━━ Exercise data ━━

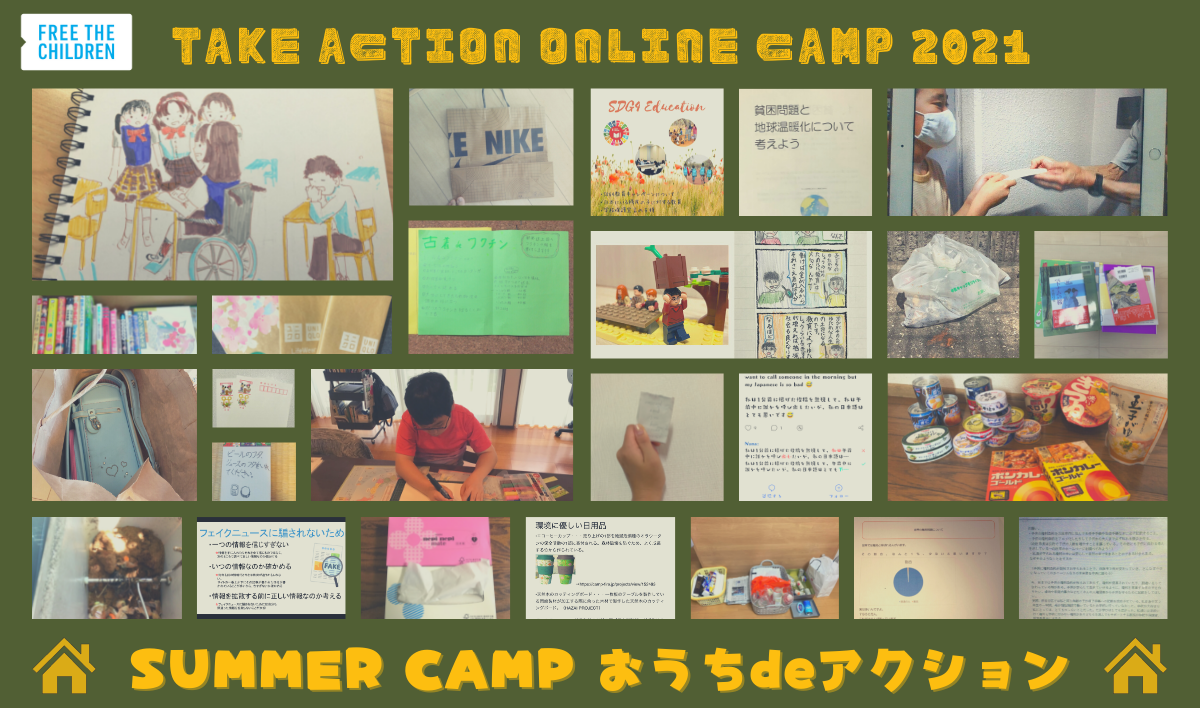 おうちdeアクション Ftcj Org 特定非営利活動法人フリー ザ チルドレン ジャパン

━━━
━━ Exercise data ━━

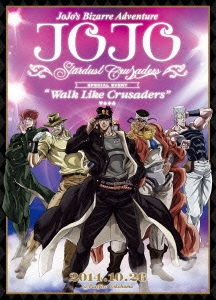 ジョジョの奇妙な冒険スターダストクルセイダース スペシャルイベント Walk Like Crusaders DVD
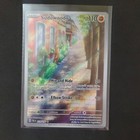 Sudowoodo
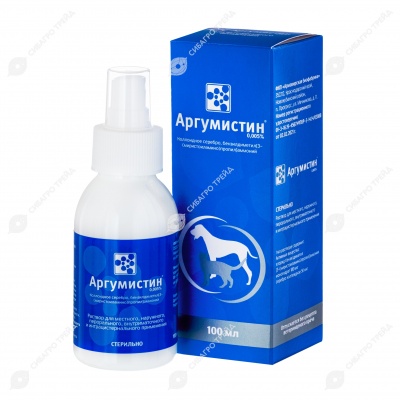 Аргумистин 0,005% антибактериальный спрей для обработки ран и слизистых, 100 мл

━━━
━━ Exercise data ━━

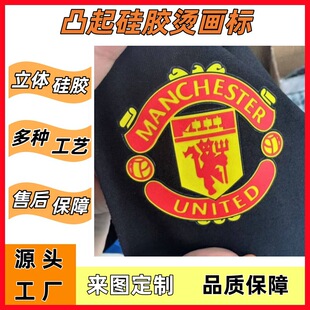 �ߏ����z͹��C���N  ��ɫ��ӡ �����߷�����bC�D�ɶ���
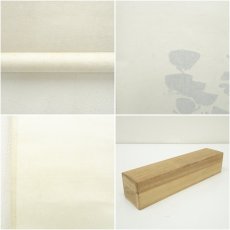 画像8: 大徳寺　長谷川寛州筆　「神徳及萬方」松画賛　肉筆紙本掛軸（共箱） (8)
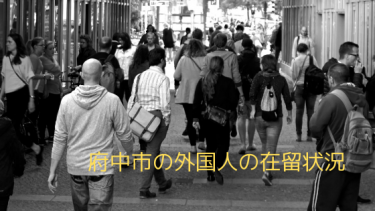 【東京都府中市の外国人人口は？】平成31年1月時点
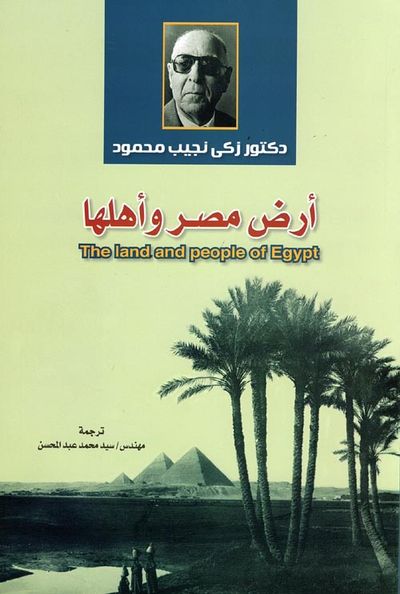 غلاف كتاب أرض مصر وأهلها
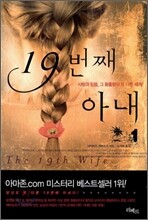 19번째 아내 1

━━━

● Task statement: Pictures excluded, reproduce only the part above that opens with the line holding "ジョジョの奇妙な冒険スターダストクルセイダース スペシャルイベント Walk" and closes with the line holding "Аргумистин 0,005% антибактериальный", exactly as written.

● Completed task:
 ジョジョの奇妙な冒険スターダストクルセイダース スペシャルイベント Walk Like Crusaders DVD
 Sudowoodo
 Аргумистин 0,005% антибактериальный спрей для обработки ран и слизистых, 100 мл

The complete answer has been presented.